I’ve waxed poetic about my Spotify Discover Weekly playlists before—but let me do it one more time. Every Sunday, at the stroke of midnight, my Spotify undergoes a baptism. The 30 songs from 30 artists that I have never heard before make their way into the playlist. I never have a clue as to what awaits me.
I press shuffle.
On some of these excavations, I’ve been introduced to the likes of Nigerian pop (William Onyeabor), 60s Italian psych (Le Orme), and North African synth (Mamman Sani). I’ve closed my eyes and been transported far and wide.
However, sometimes these songs don’t take me as far as I would’ve thought. Sometimes, they take me right back to Toronto. This is the case with an artist whose name has been seared into my mind for the last year: Jackie Shane.
Toronto in the 60s: Honest Ed’s had opened roughly a decade before, Yorkville was an area for poets and aspiring musicians to roam, and venues like The Saphire Tavern—the lack of a second ‘p’ in the name is still a mystery—stood at the corner of Richmond and Victoria. I wonder what it would have been like to walk these streets. One person who did was Jackie.
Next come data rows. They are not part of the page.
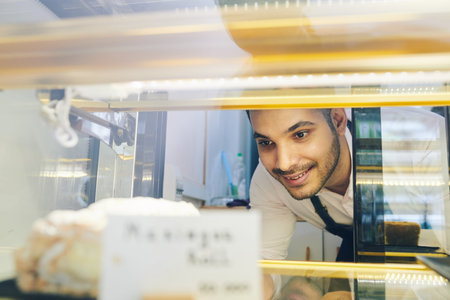 Smiling handsome barista taking piece of tasty cake from shop window for customer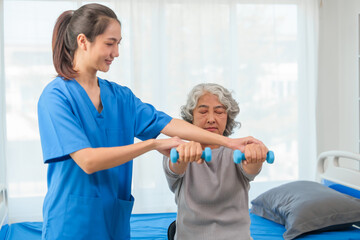 A young Asian nurse is assisting an elderly Asian woman with a grey hair during a physical therapy session.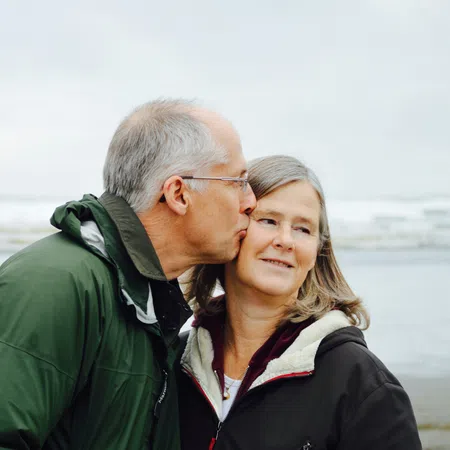 Senior man in green jacket kisses his smiling partner on the cheek at a beach with overcast sky and ocean waves.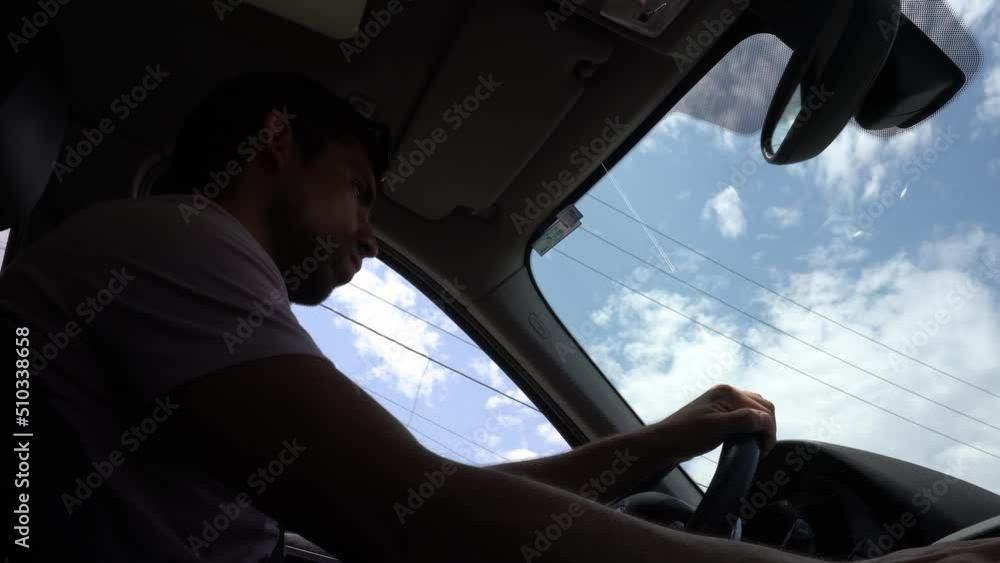 low angle view from below of the passenger seat of a man driving a car in the day with a clear and blue sky in 4k low angle view from below of the passenger seat of a man driving a car in the day with a clear and blue sky in 4k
Born in Nashville in 1940, Jackie made her way to Montreal and then to Toronto, where she performed on stages like the Saphire’s and the Holiday Tavern’s. She was effortlessly cool, an alluring presence in dramatic eye make-up and suits. But she was also quite reserved, navigating the waters as a Black trans woman in times even harsher than the present. This privacy continued on throughout most of her life, an exception being a rare interview granted to Elaine Banks of the CBC in 2010.
When I first Googled Jackie, I didn’t realize I was holding my breath. Black women, and specifically Black trans women, disproportionately face incidents of discrimination and violence in North America. According to the Legal Council for Health Justice, “the life expectancy for a Black trans woman is 35.” Jackie passed away at the age of 79, in the city where she was born, during February 2019. Her mark on the city that she made her home still persists.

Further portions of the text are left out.